Top of RECORDS SHOWN

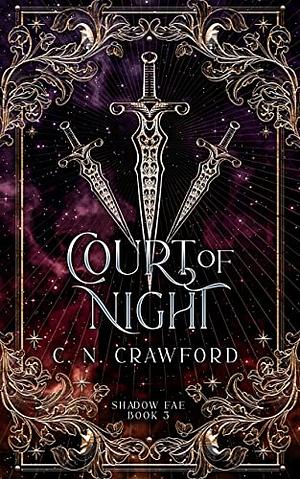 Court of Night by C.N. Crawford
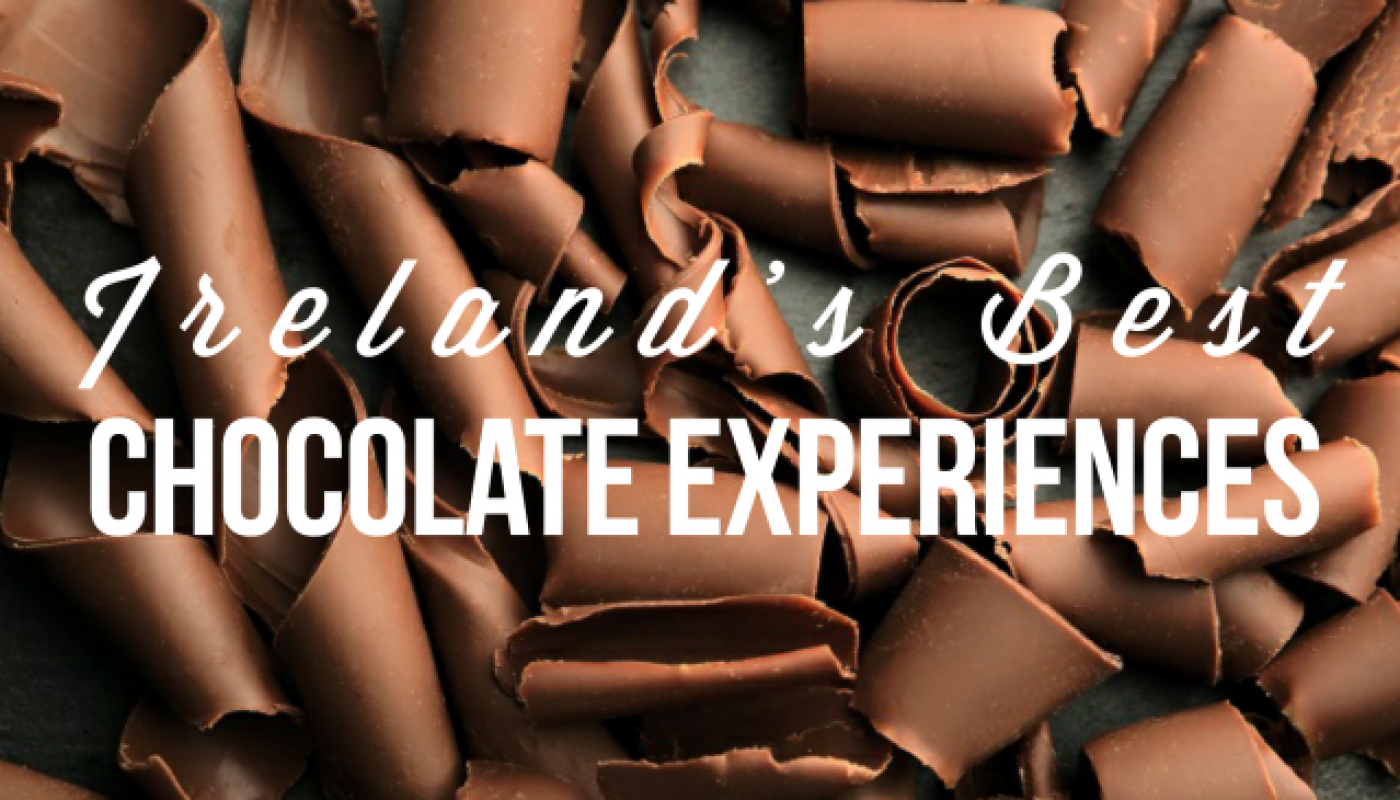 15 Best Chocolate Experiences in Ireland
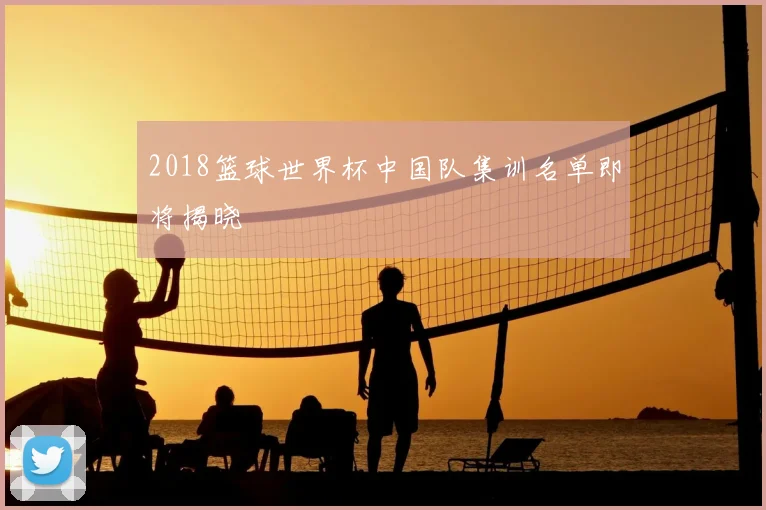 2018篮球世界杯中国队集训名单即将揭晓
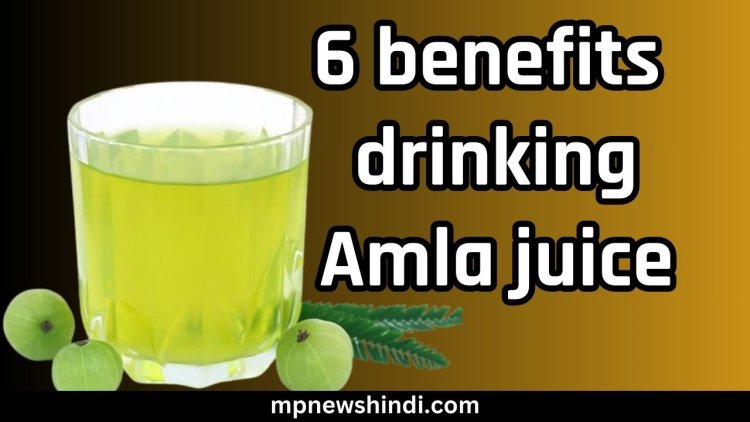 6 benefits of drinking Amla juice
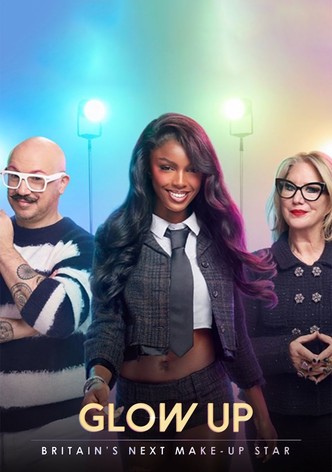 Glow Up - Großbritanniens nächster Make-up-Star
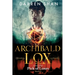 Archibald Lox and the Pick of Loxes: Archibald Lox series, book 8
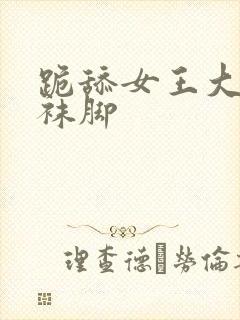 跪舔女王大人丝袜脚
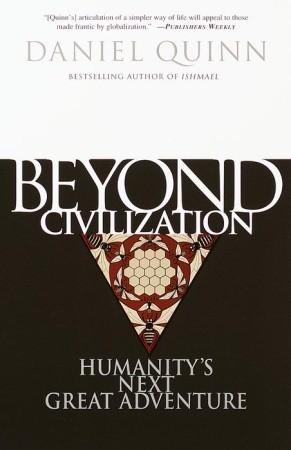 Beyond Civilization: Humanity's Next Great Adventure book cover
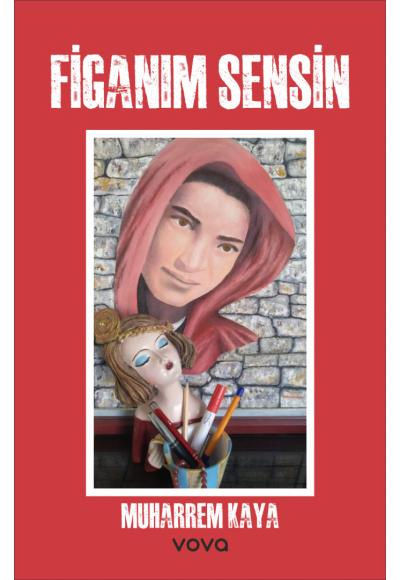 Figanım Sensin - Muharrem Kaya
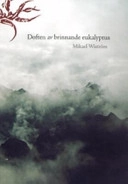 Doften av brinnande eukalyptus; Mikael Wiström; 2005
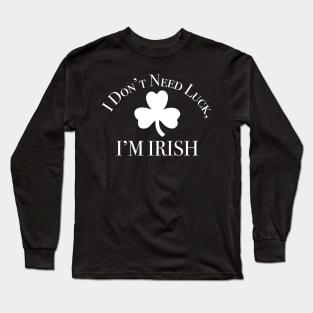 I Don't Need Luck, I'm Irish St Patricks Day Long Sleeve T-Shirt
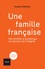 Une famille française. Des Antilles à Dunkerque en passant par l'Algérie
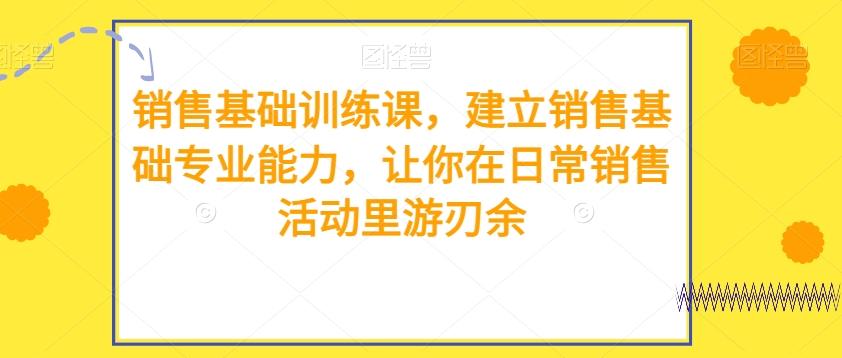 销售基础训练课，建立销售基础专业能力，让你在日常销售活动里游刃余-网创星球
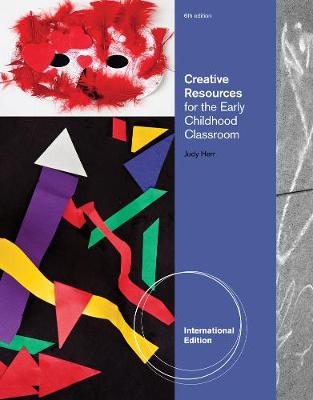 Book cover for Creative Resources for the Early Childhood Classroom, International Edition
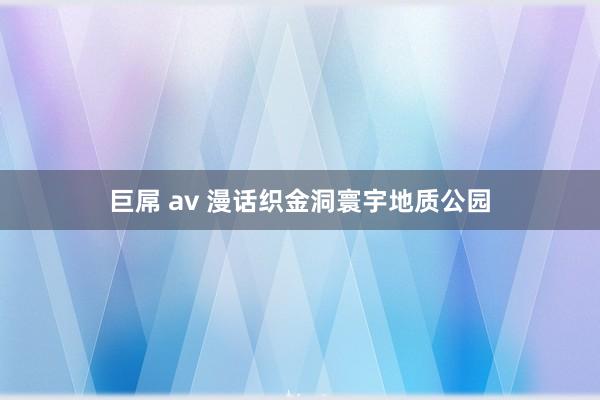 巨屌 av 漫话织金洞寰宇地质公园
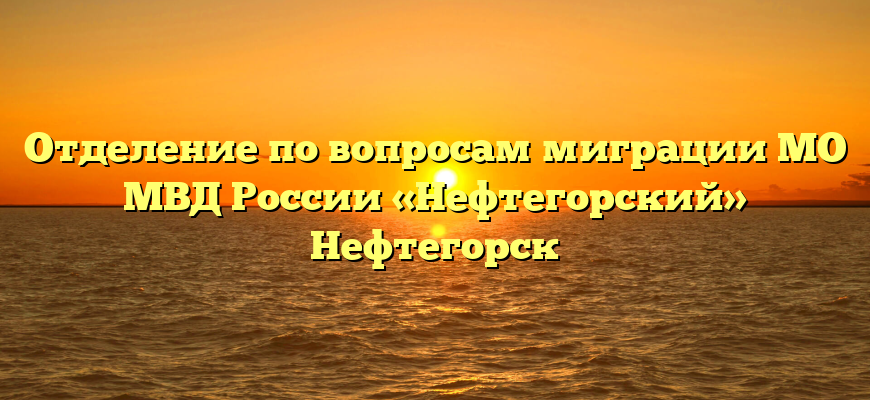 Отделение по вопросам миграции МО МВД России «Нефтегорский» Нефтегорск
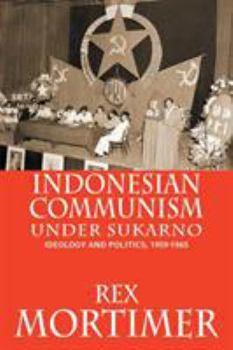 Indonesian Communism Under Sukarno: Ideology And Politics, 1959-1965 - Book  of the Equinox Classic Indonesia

Bottom of RECORDS SHOWN

• _GOAL OF THE EXERCISE_: Would you please output the listing above exactly, leaving out the pictures?

• _EXERCISE ANSWER_:
 Court of Night by C.N. Crawford
 15 Best Chocolate Experiences in Ireland
 2018篮球世界杯中国队集训名单即将揭晓
 6 benefits of drinking Amla juice
 Glow Up - Großbritanniens nächster Make-up-Star
 Archibald Lox and the Pick of Loxes: Archibald Lox series, book 8
 跪舔女王大人丝袜脚
 Beyond Civilization: Humanity's Next Great Adventure book cover
 Figanım Sensin - Muharrem Kaya
 Doften av brinnande eukalyptus; Mikael Wiström; 2005
 I Don't Need Luck, I'm Irish St Patricks Day Long Sleeve T-Shirt
 Une famille française. Des Antilles à Dunkerque en passant par l'Algérie
 销售基础训练课，建立销售基础专业能力，让你在日常销售活动里游刃余-网创星球
 Book cover for Creative Resources for the Early Childhood Classroom, International Edition
 巨屌 av 漫话织金洞寰宇地质公园
 Отделение по вопросам миграции МО МВД России «Нефтегорский» Нефтегорск
 Indonesian Communism Under Sukarno: Ideology And Politics, 1959-1965 - Book  of the Equinox Classic Indonesia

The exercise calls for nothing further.